- **Assignment**: The result should be a faithful copy of every entry below, with the pictures left out.

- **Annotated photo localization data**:
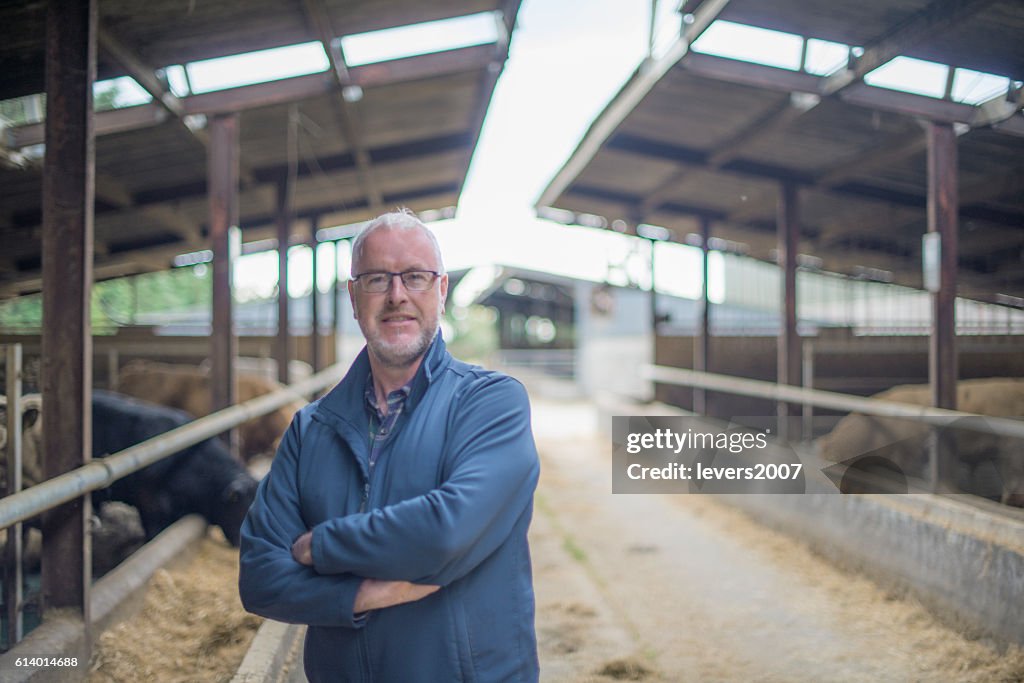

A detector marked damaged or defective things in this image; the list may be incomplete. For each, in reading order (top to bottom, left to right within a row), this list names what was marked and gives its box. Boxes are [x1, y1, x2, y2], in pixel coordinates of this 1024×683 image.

rusty metal post [39, 0, 95, 634]
rusty metal post [207, 113, 239, 448]
rusty metal post [274, 179, 290, 387]
rusty metal post [696, 218, 712, 417]
rusty metal post [774, 179, 798, 440]
rusty metal post [925, 120, 954, 489]
rusty metal post [4, 344, 24, 651]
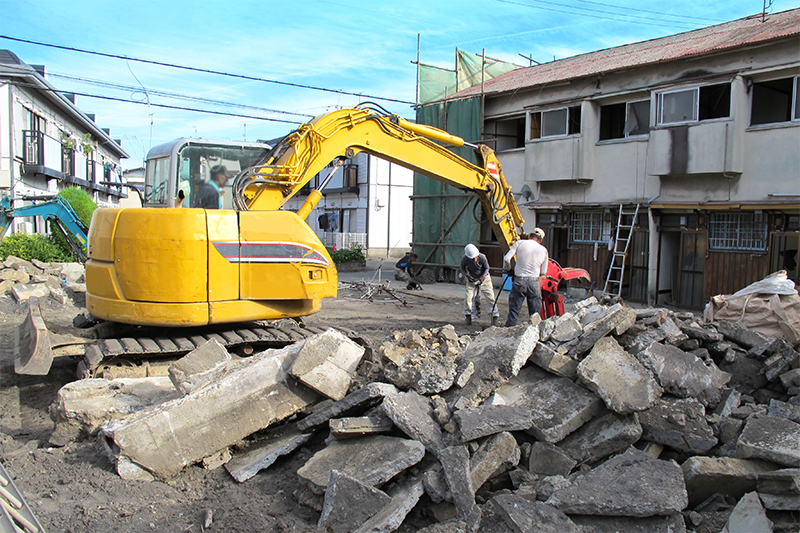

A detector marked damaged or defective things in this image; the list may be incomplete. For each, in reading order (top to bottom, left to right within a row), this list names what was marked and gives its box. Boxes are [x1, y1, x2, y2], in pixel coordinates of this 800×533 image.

broken concrete slab [50, 376, 181, 446]
broken concrete slab [167, 336, 231, 394]
broken concrete slab [101, 342, 320, 480]
broken concrete slab [225, 424, 316, 482]
broken concrete slab [290, 326, 366, 402]
broken concrete slab [296, 380, 400, 430]
broken concrete slab [318, 470, 394, 532]
broken concrete slab [296, 436, 424, 494]
broken concrete slab [354, 474, 422, 532]
broken concrete slab [380, 388, 444, 450]
broken concrete slab [438, 444, 482, 532]
broken concrete slab [440, 324, 540, 408]
broken concrete slab [454, 404, 536, 440]
broken concrete slab [472, 430, 520, 488]
broken concrete slab [488, 494, 580, 532]
broken concrete slab [532, 438, 576, 476]
broken concrete slab [556, 410, 644, 464]
broken concrete slab [576, 336, 664, 416]
broken concrete slab [552, 446, 688, 516]
broken concrete slab [568, 512, 688, 532]
broken concrete slab [636, 396, 720, 450]
broken concrete slab [636, 340, 724, 404]
broken concrete slab [680, 456, 776, 504]
broken concrete slab [720, 490, 776, 532]
broken concrete slab [736, 416, 800, 466]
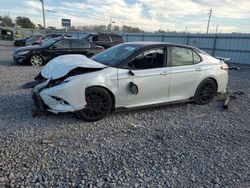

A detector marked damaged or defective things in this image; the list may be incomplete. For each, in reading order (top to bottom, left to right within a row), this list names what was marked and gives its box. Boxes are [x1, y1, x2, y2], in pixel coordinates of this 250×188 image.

front bumper damage [31, 78, 86, 116]
damaged hood [41, 54, 107, 79]
damaged white sedan [26, 42, 229, 122]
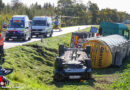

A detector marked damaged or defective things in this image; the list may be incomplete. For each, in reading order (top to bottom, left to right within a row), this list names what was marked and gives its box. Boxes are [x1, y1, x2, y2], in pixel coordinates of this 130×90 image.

crashed car [53, 44, 92, 81]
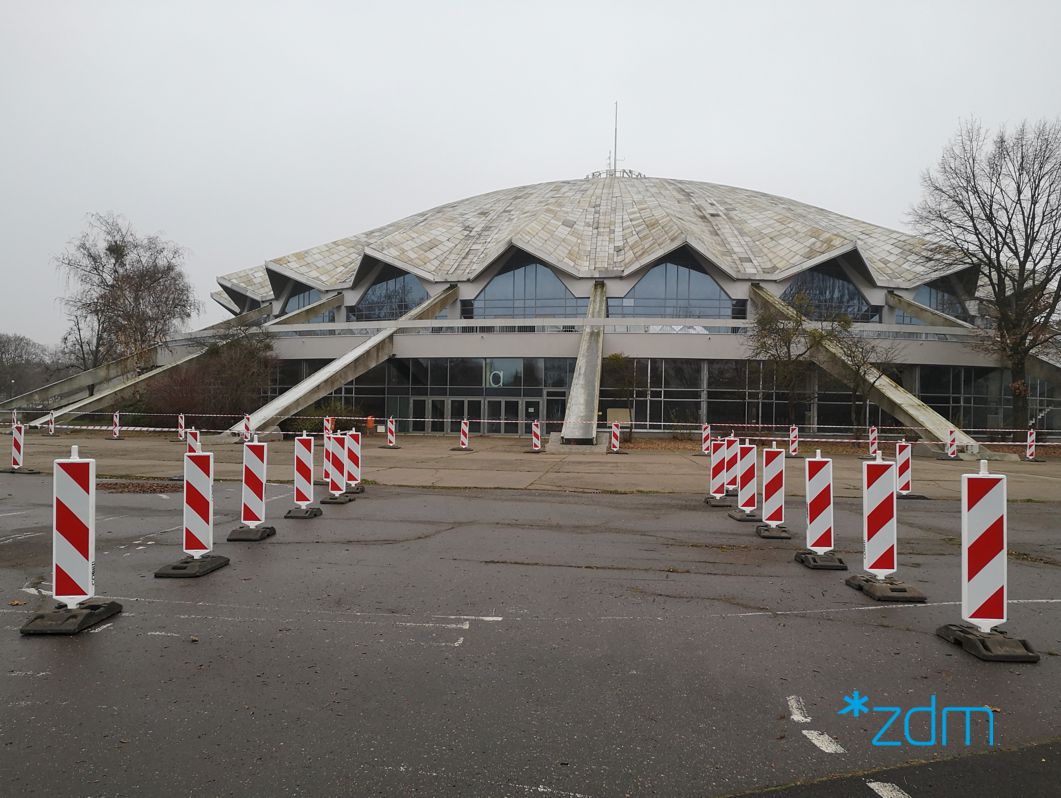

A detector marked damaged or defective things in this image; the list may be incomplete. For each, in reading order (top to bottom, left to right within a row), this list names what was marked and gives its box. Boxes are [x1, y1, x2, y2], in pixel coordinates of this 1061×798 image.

cracked asphalt [0, 471, 1056, 793]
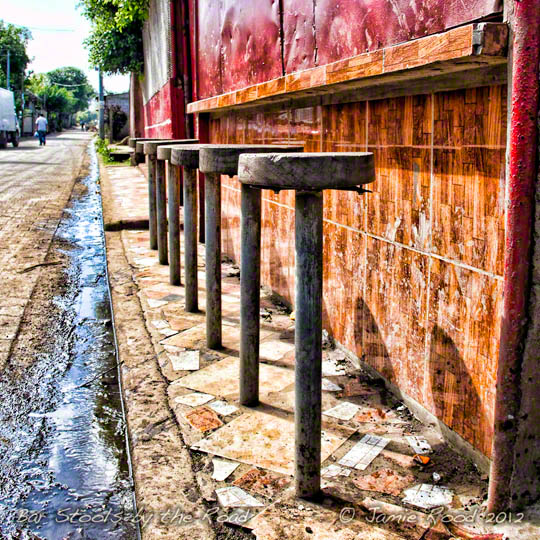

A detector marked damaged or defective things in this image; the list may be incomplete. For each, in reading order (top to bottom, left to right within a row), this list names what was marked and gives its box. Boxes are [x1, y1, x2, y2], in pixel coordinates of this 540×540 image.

rusty stool post [142, 140, 197, 260]
rusty stool post [172, 144, 201, 312]
rusty stool post [198, 144, 302, 350]
rusty stool post [239, 152, 376, 498]
broken floor tile [169, 350, 200, 372]
broken floor tile [175, 356, 294, 398]
broken floor tile [184, 408, 221, 432]
broken floor tile [208, 400, 237, 418]
broken floor tile [322, 400, 360, 422]
broken floor tile [191, 412, 354, 474]
broken floor tile [340, 432, 390, 470]
broken floor tile [408, 434, 432, 456]
broken floor tile [211, 458, 238, 484]
broken floor tile [216, 488, 264, 508]
broken floor tile [233, 468, 292, 498]
broken floor tile [352, 468, 416, 498]
broken floor tile [402, 486, 454, 510]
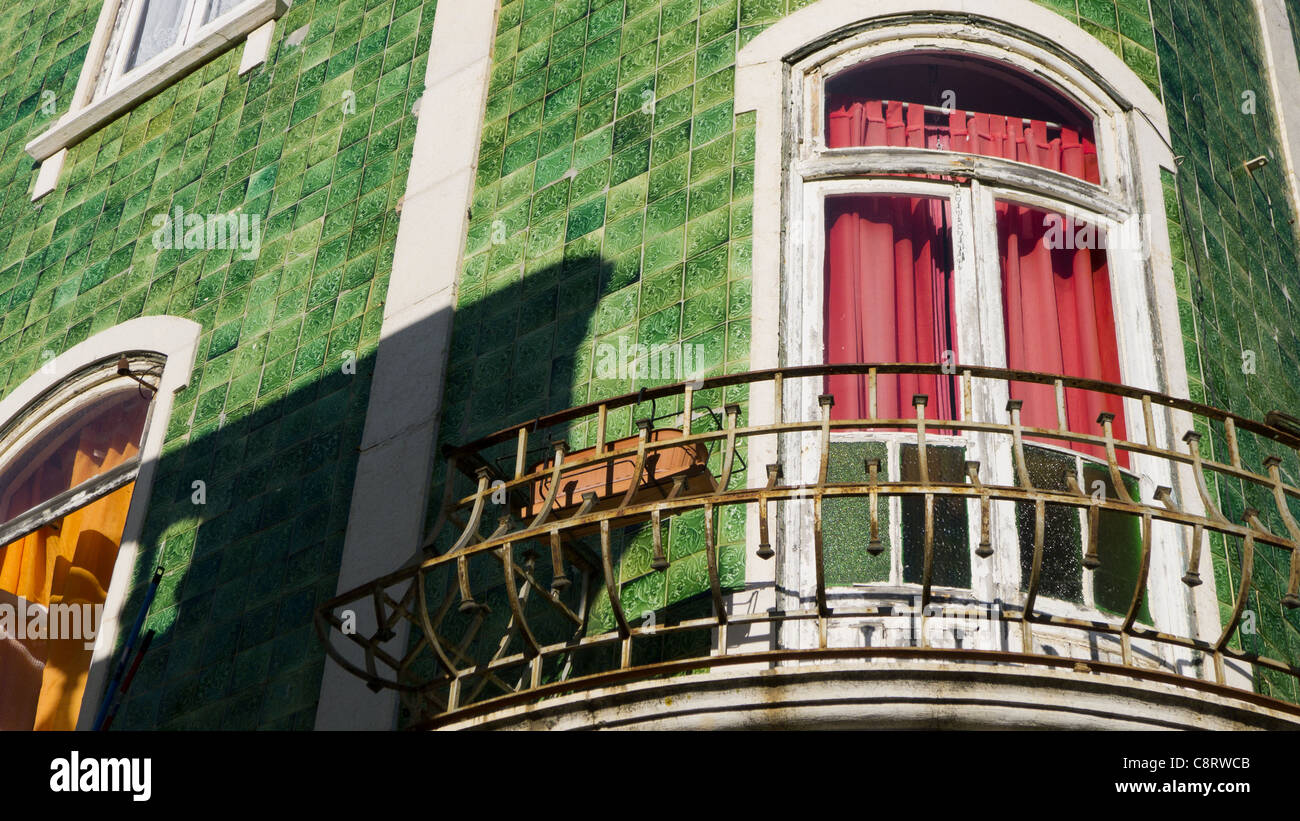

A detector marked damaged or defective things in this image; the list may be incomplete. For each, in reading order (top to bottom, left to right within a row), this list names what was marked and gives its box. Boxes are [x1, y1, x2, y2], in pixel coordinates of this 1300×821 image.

rusty metal railing [312, 363, 1300, 722]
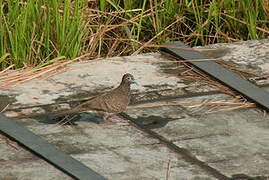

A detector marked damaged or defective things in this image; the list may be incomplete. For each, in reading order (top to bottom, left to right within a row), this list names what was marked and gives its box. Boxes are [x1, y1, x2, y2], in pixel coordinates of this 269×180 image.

cracked concrete surface [0, 39, 268, 179]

- **Exercise output**:
A detector marked damaged or defective things in this image; the list may be incomplete. For each, in reading order (top to bottom, left to right within a row), this list names what was marked and gives its box. Boxes are [x1, y1, x2, y2], in pixel coordinates of this 1024×683 image.

rusty metal post [39, 0, 95, 634]
rusty metal post [207, 113, 239, 448]
rusty metal post [274, 179, 290, 387]
rusty metal post [696, 218, 712, 417]
rusty metal post [774, 179, 798, 440]
rusty metal post [925, 120, 954, 489]
rusty metal post [4, 344, 24, 651]

A detector marked damaged or defective things in this image; the list may be incomplete. For each, in reading order (top to bottom, left to right within a row), this list names what was marked and gives its box. Boxes are [x1, y1, x2, y2], in pixel coordinates of this 800×533 image.

broken concrete slab [50, 376, 181, 446]
broken concrete slab [167, 336, 231, 394]
broken concrete slab [101, 342, 320, 480]
broken concrete slab [225, 424, 316, 482]
broken concrete slab [290, 326, 366, 402]
broken concrete slab [296, 380, 400, 430]
broken concrete slab [318, 470, 394, 532]
broken concrete slab [296, 436, 424, 494]
broken concrete slab [354, 474, 422, 532]
broken concrete slab [380, 388, 444, 450]
broken concrete slab [438, 444, 482, 532]
broken concrete slab [440, 324, 540, 408]
broken concrete slab [454, 404, 536, 440]
broken concrete slab [472, 430, 520, 488]
broken concrete slab [488, 494, 580, 532]
broken concrete slab [532, 438, 576, 476]
broken concrete slab [556, 410, 644, 464]
broken concrete slab [576, 336, 664, 416]
broken concrete slab [552, 446, 688, 516]
broken concrete slab [568, 512, 688, 532]
broken concrete slab [636, 396, 720, 450]
broken concrete slab [636, 340, 724, 404]
broken concrete slab [680, 456, 776, 504]
broken concrete slab [720, 490, 776, 532]
broken concrete slab [736, 416, 800, 466]

A detector marked damaged or defective things in this image; the list may be incomplete. For each, in reading order (top to bottom, left to right within a row), this list names what was marked and gives its box. Boxes are [x1, y1, x2, y2], in pixel coordinates of this 250×188 image.

front bumper damage [31, 78, 86, 116]
damaged hood [41, 54, 107, 79]
damaged white sedan [26, 42, 229, 122]

A detector marked damaged or defective things in this image; the list may be incomplete. For each, in reading order (top to bottom, left to right within a row), this list names what was marked and gives its box. Boxes are [x1, y1, x2, y2], in pixel coordinates of this 130×90 image.

crashed car [53, 44, 92, 81]

A detector marked damaged or defective things in this image; the list may be incomplete. For each, in reading order (top to bottom, left to right within a row), this list names what was marked and gives its box. Boxes are [x1, y1, x2, y2], in pixel coordinates of this 1061×798 image.

cracked asphalt [0, 471, 1056, 793]

A detector marked damaged or defective things in this image; the list may be incomplete. For each, in reading order (top to bottom, left to right within a row), this list names what was marked and gives its box. Boxes are [x1, y1, x2, y2], in pixel coordinates of this 540×540 image.

rusty stool post [142, 140, 197, 260]
rusty stool post [172, 144, 201, 312]
rusty stool post [198, 144, 302, 350]
rusty stool post [239, 152, 376, 498]
broken floor tile [169, 350, 200, 372]
broken floor tile [175, 356, 294, 398]
broken floor tile [184, 408, 221, 432]
broken floor tile [208, 400, 237, 418]
broken floor tile [322, 400, 360, 422]
broken floor tile [191, 412, 354, 474]
broken floor tile [340, 432, 390, 470]
broken floor tile [408, 434, 432, 456]
broken floor tile [211, 458, 238, 484]
broken floor tile [216, 488, 264, 508]
broken floor tile [233, 468, 292, 498]
broken floor tile [352, 468, 416, 498]
broken floor tile [402, 486, 454, 510]

A detector marked damaged or defective things in this image; the list may be incomplete. For each, in reading order (top to bottom, left to right within a row), this list names what was marked and gives its box. Boxes are [x1, y1, x2, y2], in pixel coordinates of this 1300×821 image.

rusty metal railing [312, 363, 1300, 722]

A detector marked damaged or defective things in this image; the list may be incomplete. For each, in reading order (top to bottom, left to right within a row), this list names what was marked and gives its box. Boxes are [x1, y1, x2, y2], in pixel coordinates of this 269×180 image.

cracked concrete surface [0, 39, 268, 179]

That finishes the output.